E’ durato appena pochi mesi il provvedimento “storico” che in Corea del Nord, dallo scorso agosto, consentiva finalmente anche alle donne di andare in bicicletta. E’ di pochi giorni fa, infatti, la notizia che tale provvedimento è stato reintrodotto dal dittatore Kim Jong-un, terzo figlio e successore di Kim Jong-il, il “Caro Leader”, che ha governato la Corea del Nord dal 1994 al 2001 e che nel 1996 ha sancito per la prima volta il divieto alle donne di utilizzare la bicicletta.

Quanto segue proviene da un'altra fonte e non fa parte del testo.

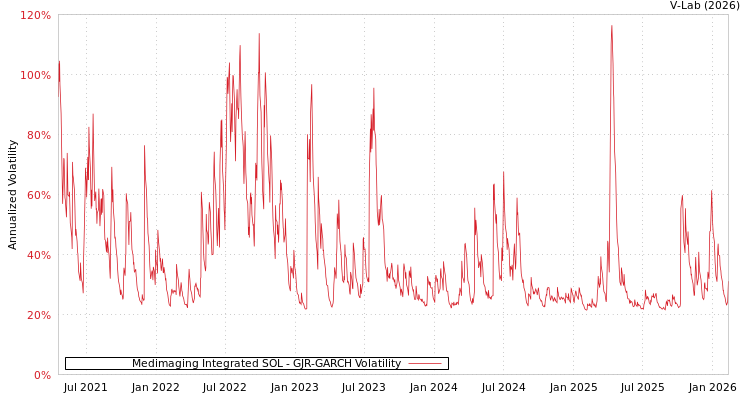 graph of Medimaging Integrated SOL GJR-GARCH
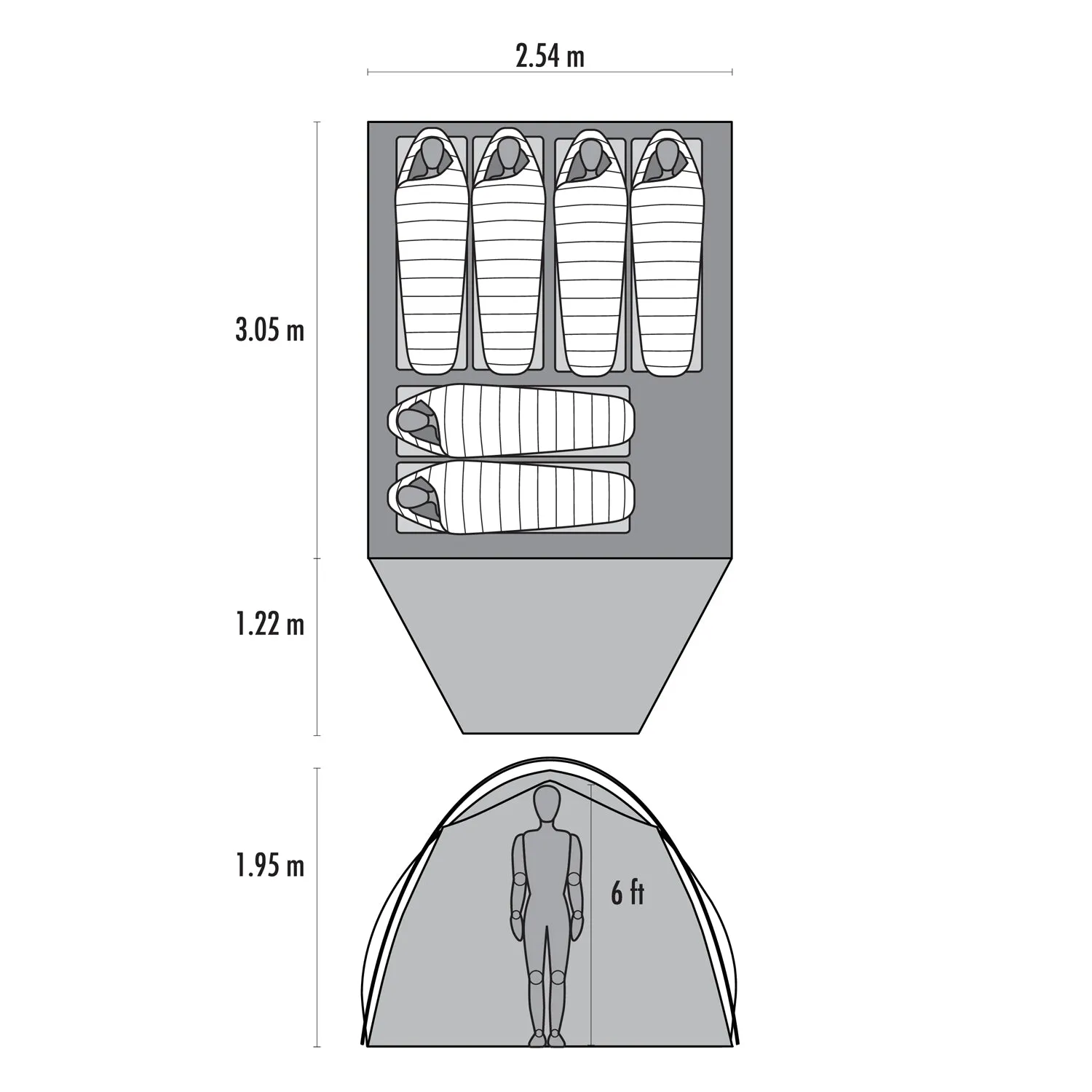 MSR - HABISCAPE 6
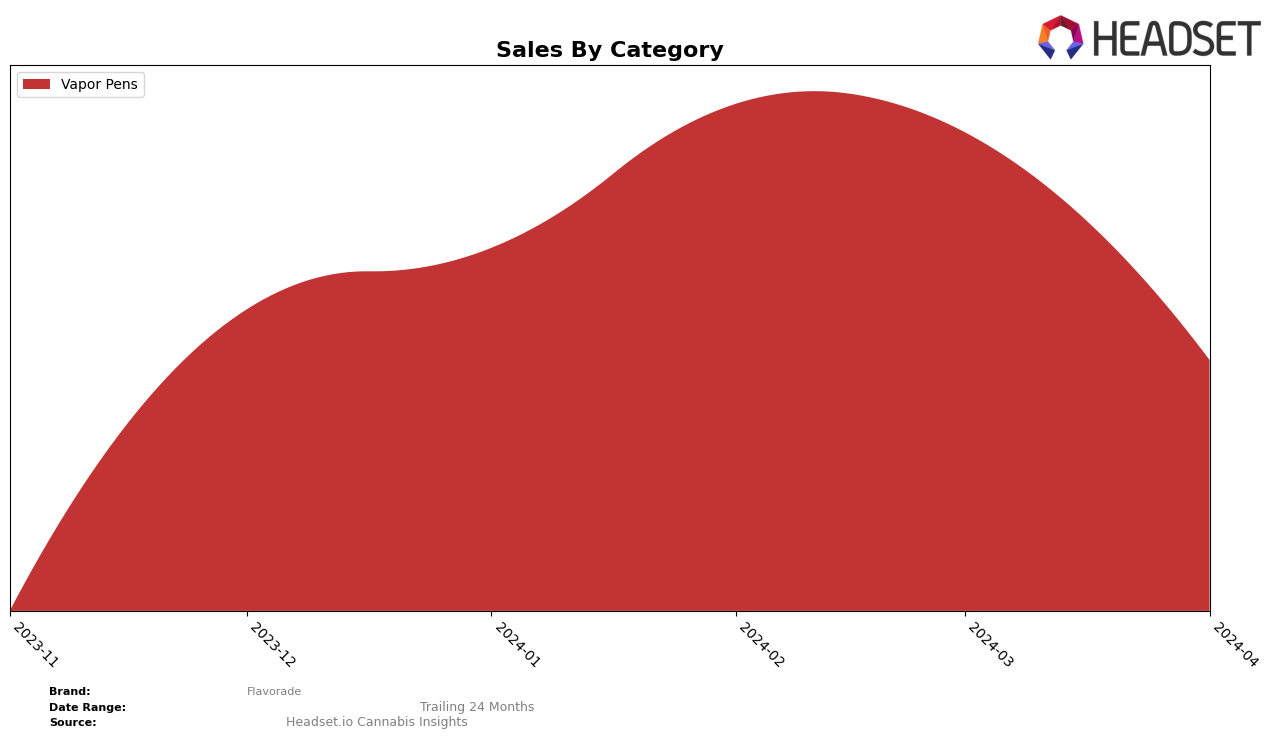 Flavorade Historical Sales by Category
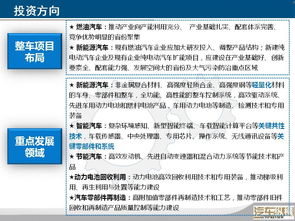 10張ppt看懂汽車產業投資新規 禁止新建倉柵欄板等專用車和掛車項目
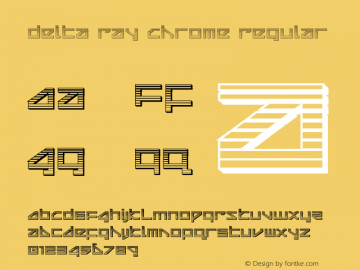 Delta Ray Chrome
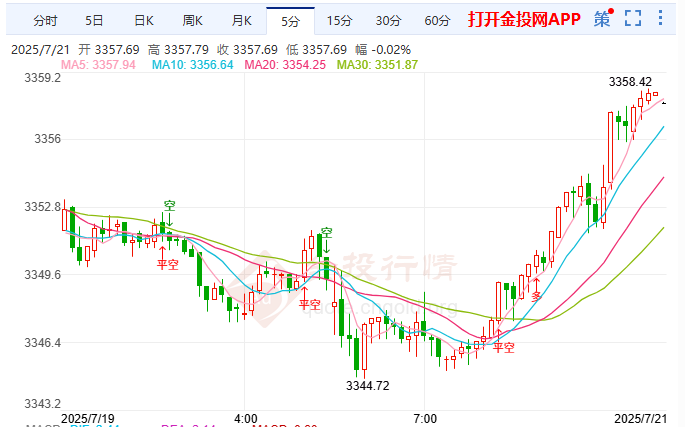 黃仁勛敬華為且競(jìng)未來(lái) 現(xiàn)貨黃金先跌后漲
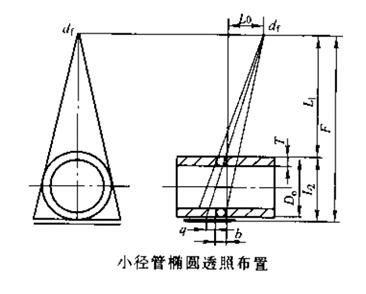 小徑管的透照技術(shù)與工藝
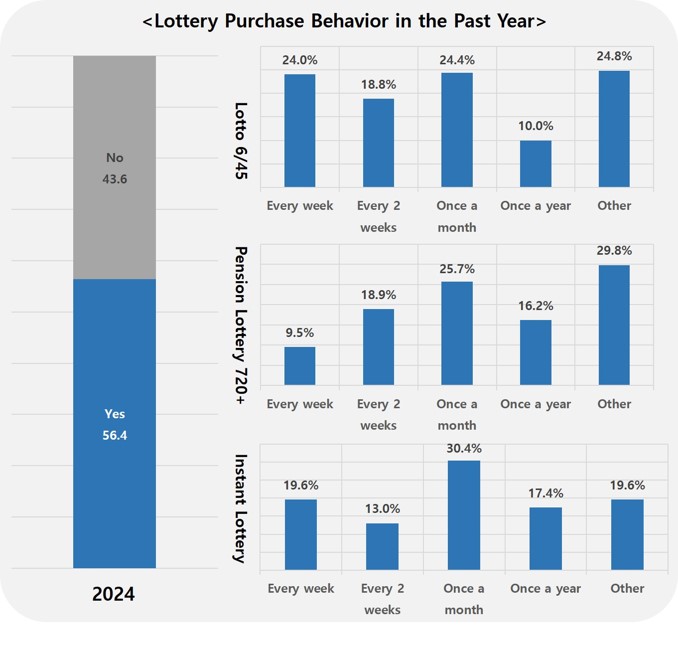 Lottery Purchase Behavior in the Past Year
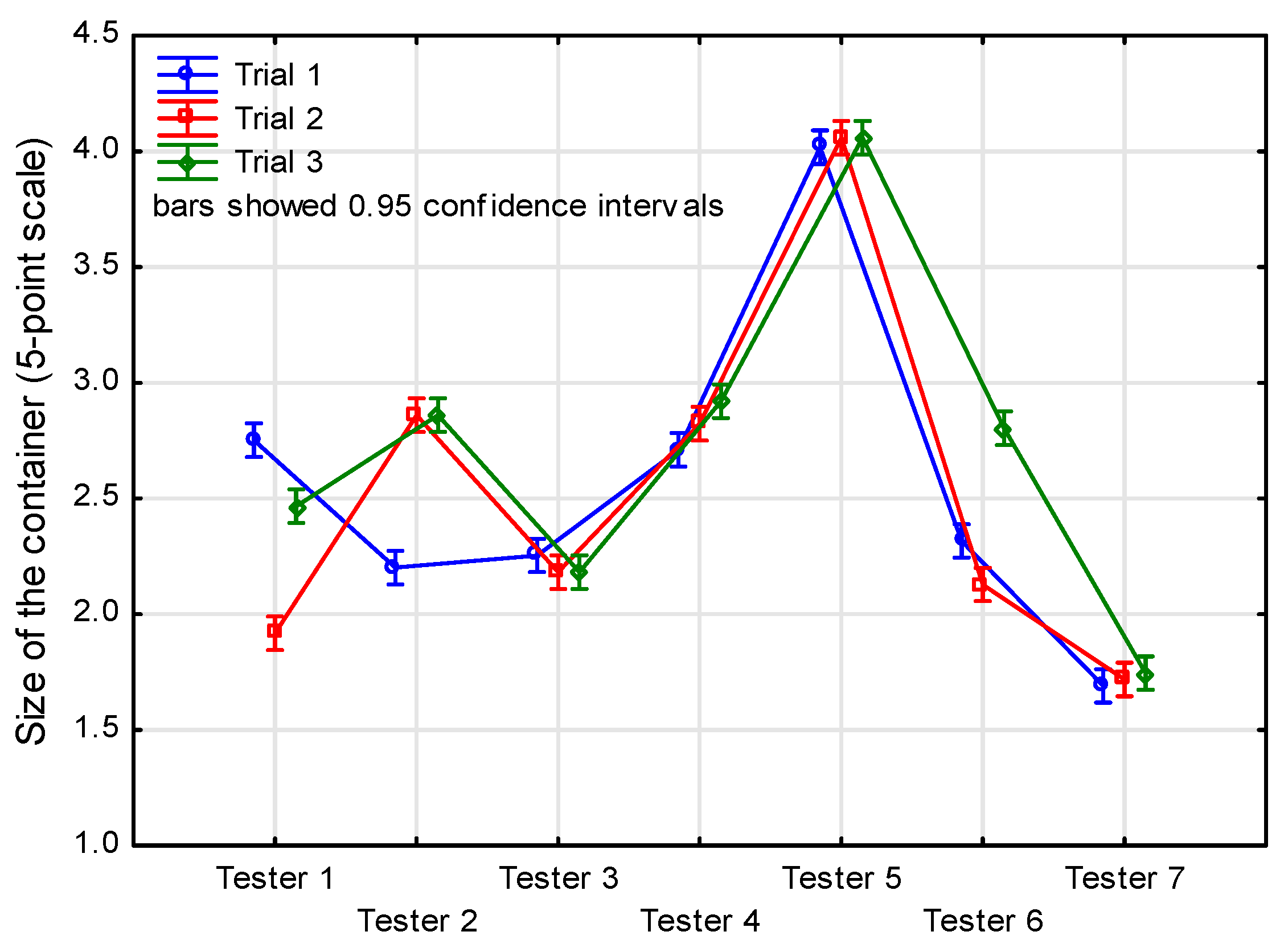 Animals 14 01872 g006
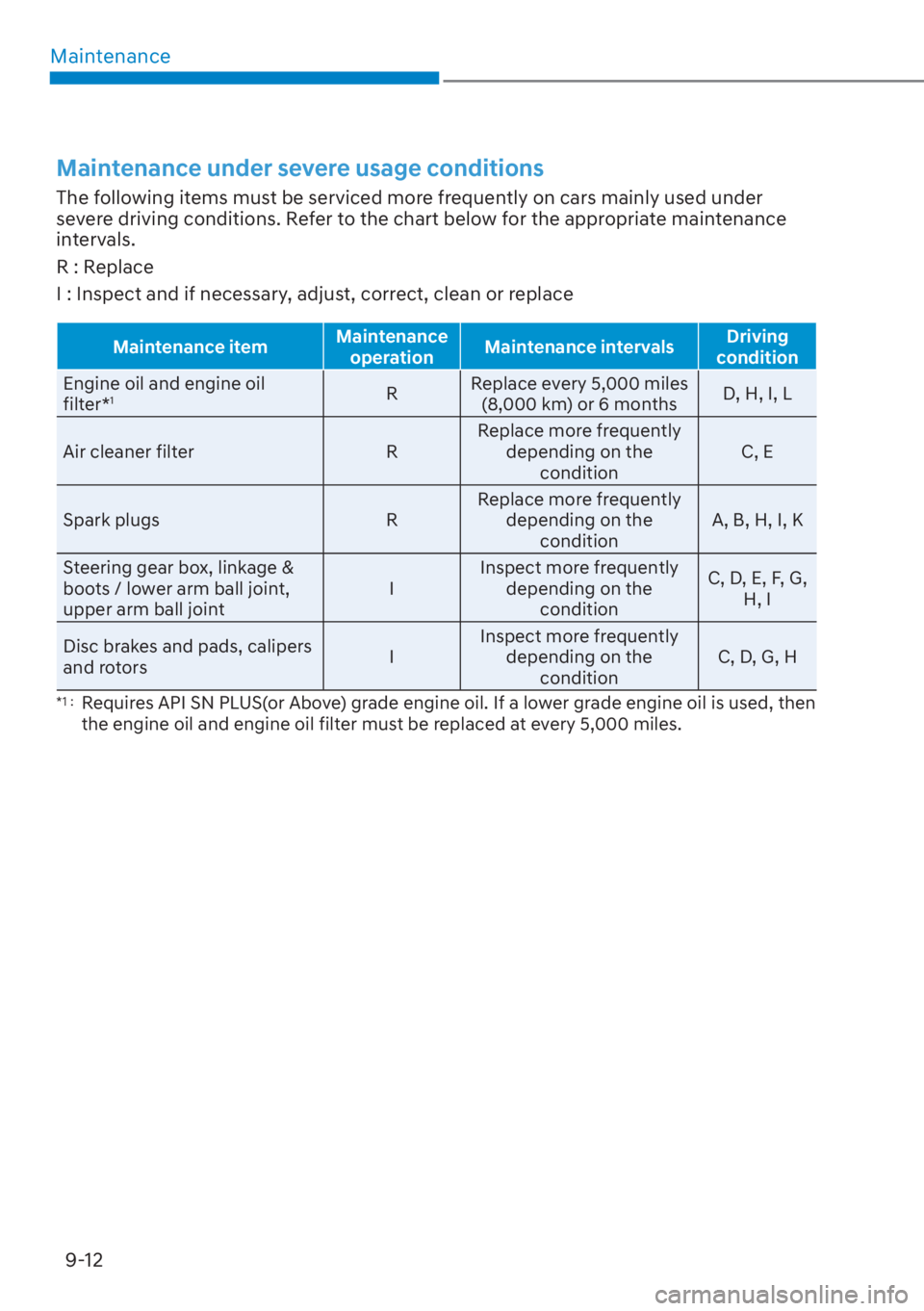 HYUNDAI SANTA FE 2023  Owners Manual Maintenance9-12
Maintenance under severe usage conditions
The following items must be serviced more frequently on cars mainly used under 
severe driving conditions. Refer to the chart below for the ap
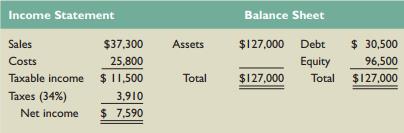 The most recent financial statements for Martin, Inc., are shown here:


Assets and costs are proportional to sales. Debt and equity are not. A dividend of $2,500 was paid, and Martin wishes to maintain a constant payout ratio. Next year’s sales are projected to be $42,300. What external financing is needed?

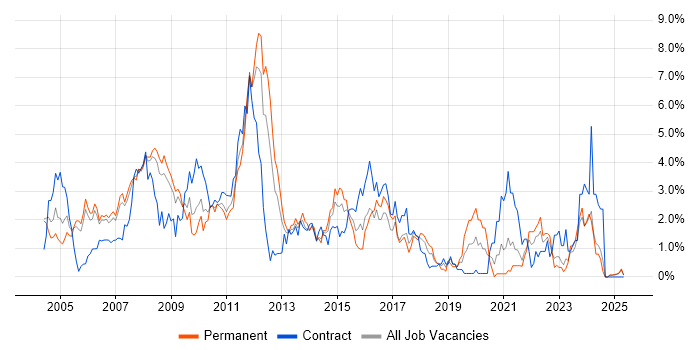 Job vacancy trend for SAN in Derbyshire Job vacancy trend for SAN in Derbyshire
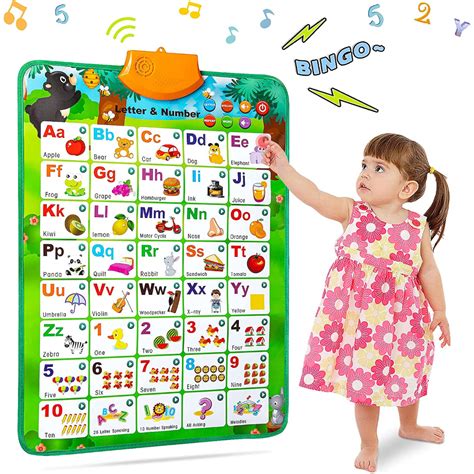 Interactive Alphabet Wall Chart For Kids Best Ts Early Education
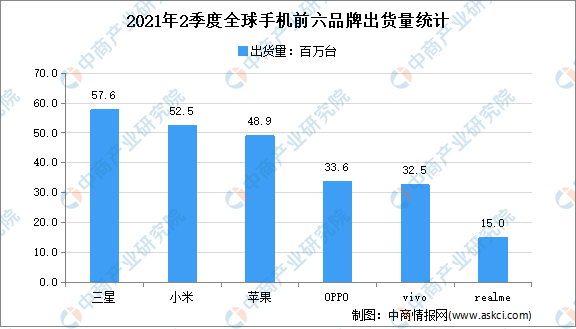 realme出货量首次跻身全球第六！欧洲市场销量增幅高达1800%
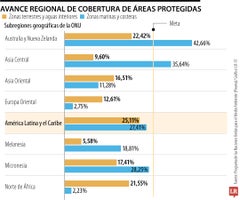 Avance regional de cobertura de áreas protegidas Avance regional de cobertura de áreas protegidas
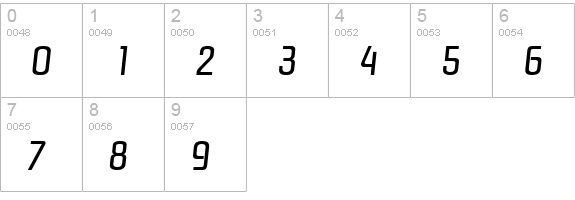 PasadenaSerial-Italic numbers 0-9 preview
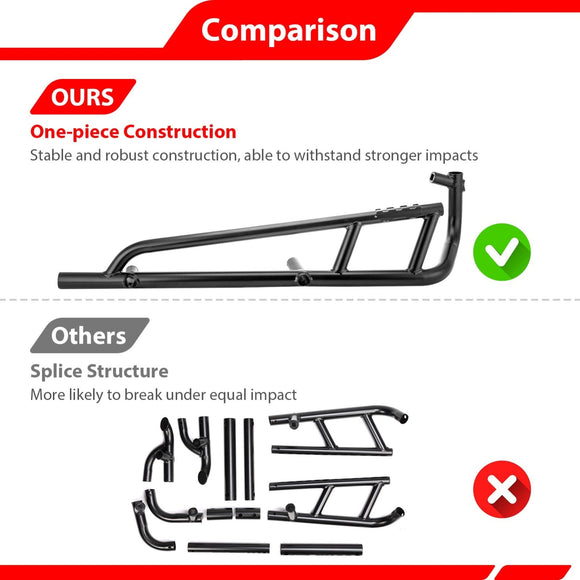UTV Nerf Bars Side Steps Bumper Protector Guard for 2024-2026 Polaris RZR XP 1000 (Only Fit 2-Seat Model) - Weisen - 80311004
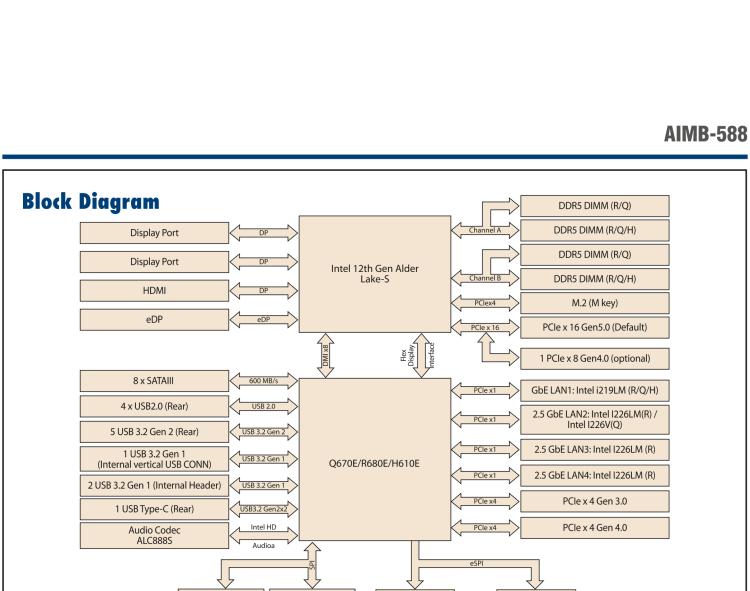 研華AIMB-588 適配Intel 第12代 Core i 系列處理器，搭載Q670E/ R680E/ H610E芯片組。高性能可達(dá)服務(wù)器級(jí)別高端產(chǎn)品，獨(dú)立四顯，專業(yè)的圖像處理能力，是理想的行業(yè)解決方案。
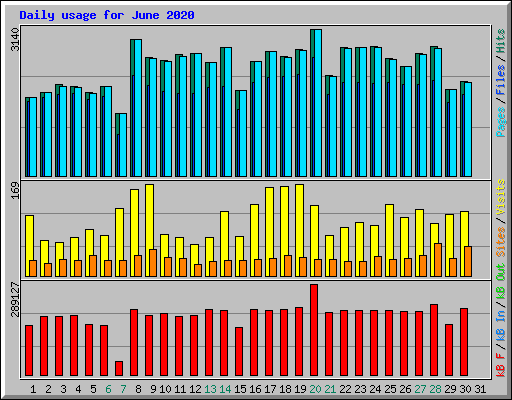 Daily usage for June 2020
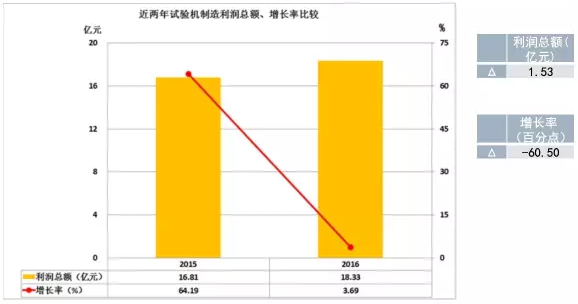 2016年儀器儀表主要子行業(yè)經(jīng)濟(jì)運行概況 2016年儀器儀表主要子行業(yè)經(jīng)濟(jì)運行概況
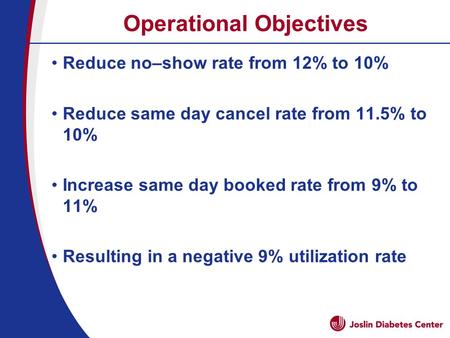 Operational Objectives Reduce no–show rate from 12% to 10% Reduce same day cancel rate from 11.5% to 10% Increase same day booked rate from 9% to 11% Resulting.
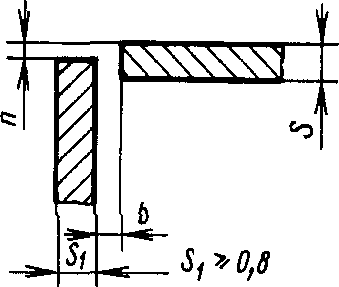 рис. 156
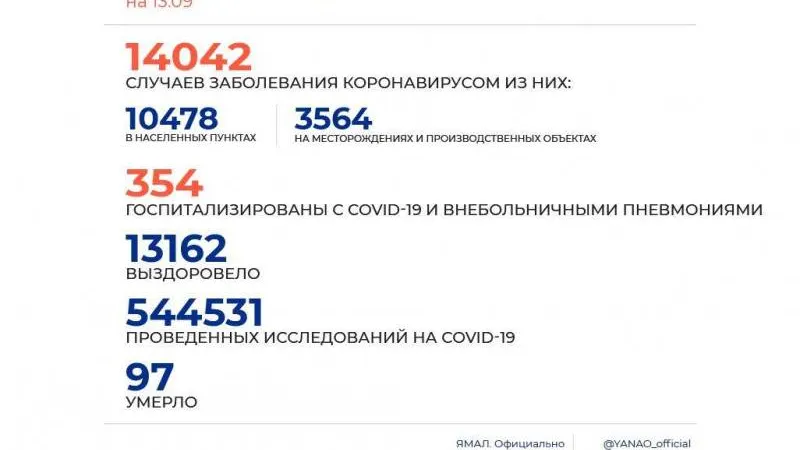 Источник: Оперштаб ЯНАО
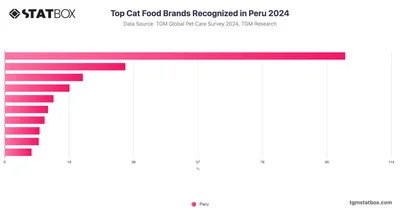 Top Cat Food Brands Recognized in Peru 2024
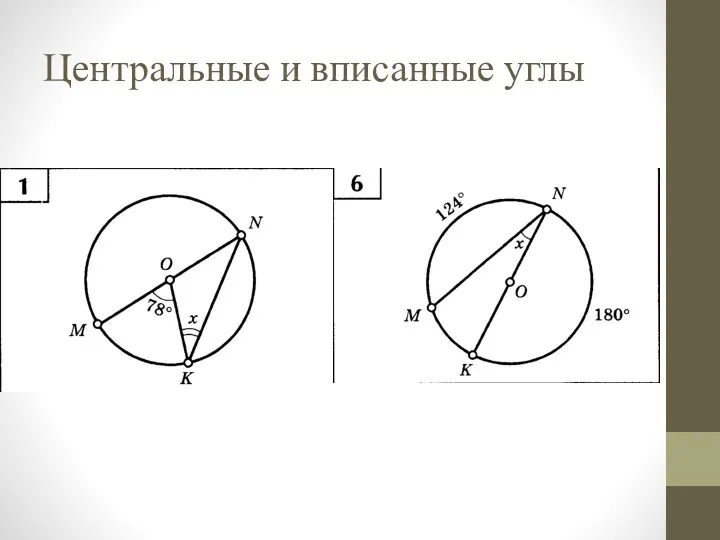 Центральные и вписанные углы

La Corea del Nord non è l’unico stato asiatico in cui vige un divieto simile, anche in Iran ed Arabia Saudita, ad esempio, la situazione è analoga. Ma mentre nei paesi islamici la causa ha radici religiose, in Corea del Nord la motivazione, almeno quella ufficiale, è che usare la bici per le donne sia indecoroso, una pratica contraria alla morale socialista. Secondo alcune fonti non ufficiali, in realtà, dietro questa spiegazione di facciata ci sarebbe un’altra causa, ovvero un incidente nel quale è rimasta uccisa la figlia di un esponente del governo nordcoreano di allora, mentre pedalava per le strade della capitale Pyongyang.
Dallo scorso 10 gennaio quindi, sono nuovamente scattati i controlli in strada della polizia nordcoreana, che sarà incaricata di multare le donne che trasgrediscono il regolamento (anche in caso si siedano dietro una bici guidata da un uomo) e confiscare loro il mezzo.
La decisione ovviamente non è piaciuta a ragazze e signore nordcoreane, sia perché le pone in una condizione sociale di svantaggio, sia soprattutto per motivi pratici ed economici.
In un paese come la Corea del Nord infatti, la bicicletta rappresenta un mezzo fondamentale per spostarsi e per compiere tutte le attività quotidiane, dalla spesa nei mercati, all’accompagnare i figli, fino al trasporto anche di grossi carichi. Vietare la bici ad una parte della popolazione, insomma, rappresenta oltre che un’ingiustizia sociale anche un grave danno per lo sviluppo dell’economia locale.